The University also houses the History of Science Collections, which contains more than 92,000 volumes, including 55 incunabula and more than 900 16th-century titles. The Collections’ holdings emphasize both the intellectual and social contexts of scientific inquiry, ranging from the works of individual scientists to such supporting materials as textbooks, popular works on science, and journals of scientific societies and academies as well as current publications in the history of science. A generous endowment made by the Andrew W. Mellon Foundation encourages scholars from around the world to use resources in the Collections.
With the School of Library and Information Studies, the department offers a dual-degree program for students planning for a career in librarianship as a science librarian, as a curator of a rare book and manuscript collection in the history of science/health sciences, or as a public historian or archivist in the history of science.

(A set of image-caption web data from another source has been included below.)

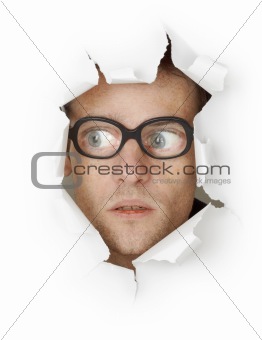 Funny man in an old-fashioned glasses looking out of hole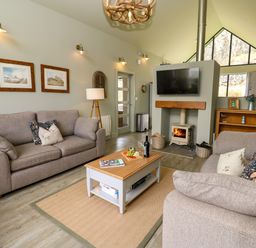 A living room with two sofas a coffee table a wood stove with a mounted TV and large windows at Restharrow Lodge in Bamburgh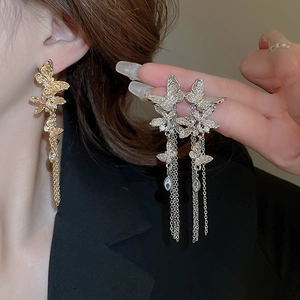 Close-up of golden butterfly earrings with crystal tassels and silver needle details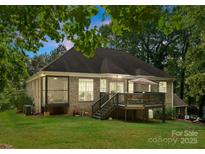 Expansive rear exterior showcasing a charming deck, screened-in porch, and well-manicured lawn at 171 Secretariat Dr, Mooresville, NC 28117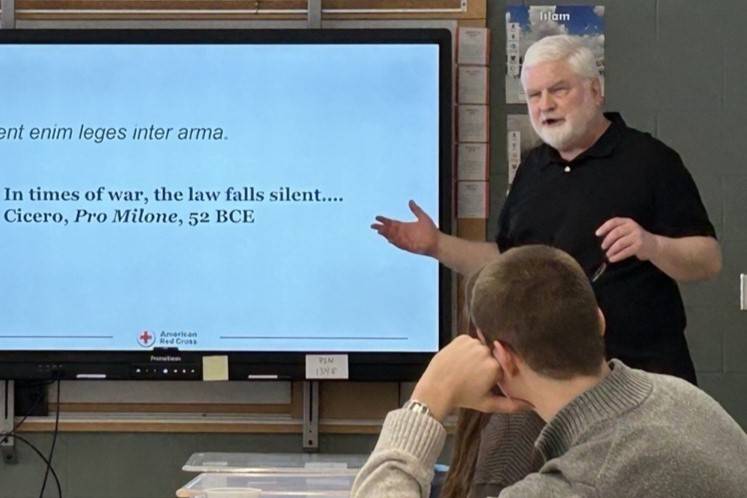 Man in black polo stands in front of screen and speaks to room of people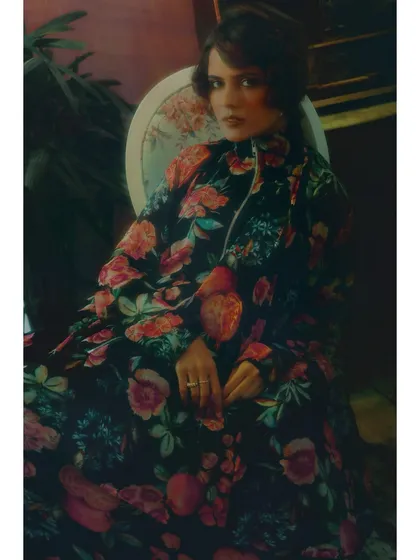 Another portrait from the first chapter, focusing on the details of the styling. The high-collared floral dress and the model's pose convey a sense of quiet introspection.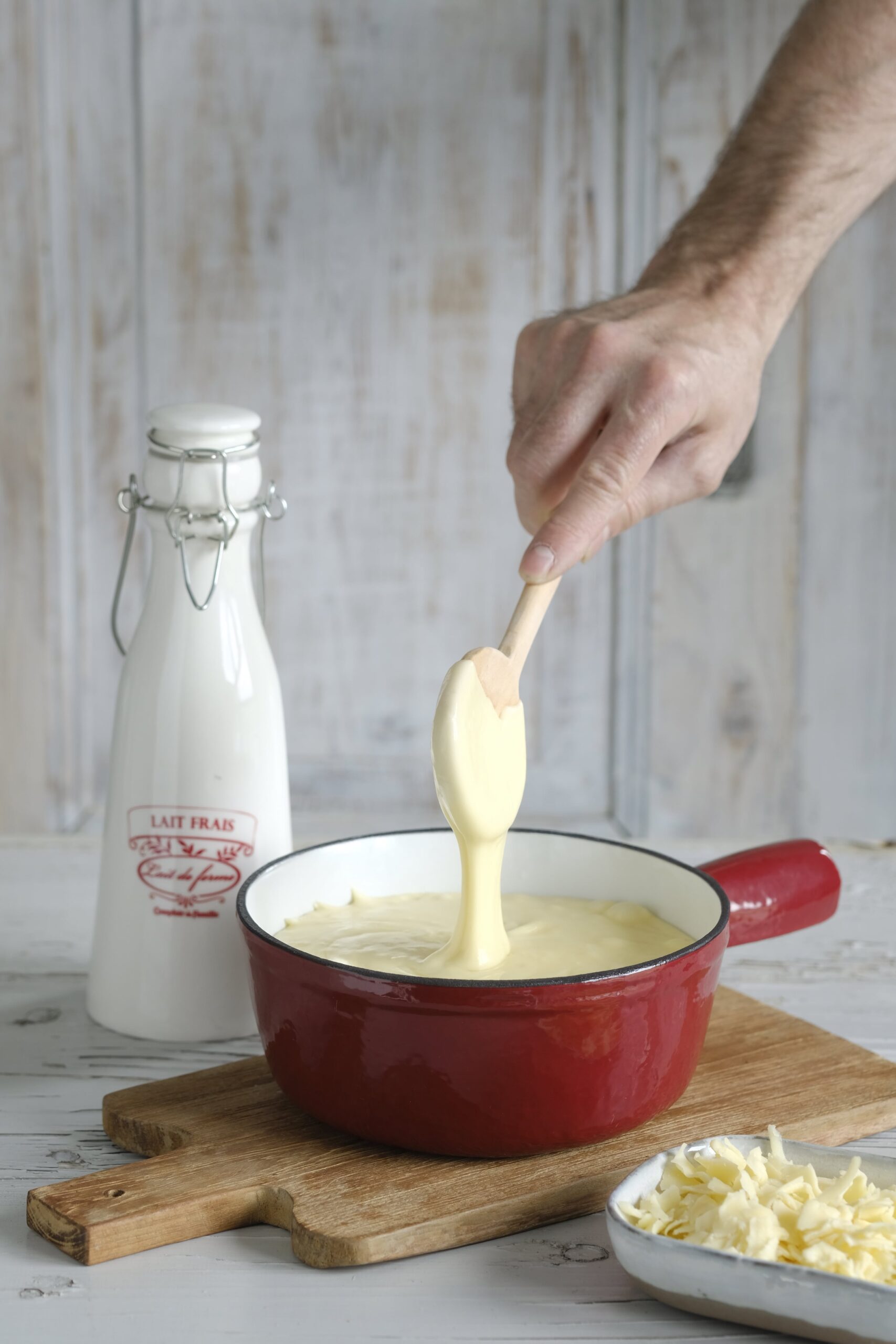 Melted cheese lifted from a red fondue pot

The department also is a key resource in the production of tools and publications for the discipline. Stephen Weldon is the Bibliographer for the History of Science Society and is chair of the DHST’s World History of Science Online project. Suzanne Moon is Associate Editor of Technology and Culture. Katherine Pandora has initiated a blog on science and popular culture that was formally rolled out during the past year (see http://scipop.net/). And Steven Livesey is producing a database of information on medieval commentators on Aristotle’s works and Peter Lombard’s Sentences, published sequentially by Brepols Publishers in their International Encyclopaedia for the Middle Ages-Online, eventually to be released as a relational database.

tulips
What are some recent dissertations that have been produced by graduating students?
– Perez, Kimberly, “Fancy and Imagination: Cultivating Sympathy and Envisioning the Natural World for the Modern Child” (2006)
– Tredwell, Katherine, “The Exact Sciences in Lutheran Germany and Tudor England” (2005)
– Heidarzadeh, Tofigh, “Theories of Comets to the Age of Laplace” (2004)
– Eddy, Mark, “Architects of the Self: Social Scientists and the Construction of the Individual in Postwar America” (2004)
– Kroll, Gary, “Exploration in the Mare Incognita: Natural History and Conservation in Early Twentieth-Century America” (2000)
– Palmeri, JoAnn, “An Astronomer Beyond the Observatory: Harlow Shapley as Prophet of Science” (2000)
– Magruder, Kerry, “Theories of the Earth from Descartes to Cuvier: Natural Order and Historical Contingency in a Contested Textual Tradition” (2000)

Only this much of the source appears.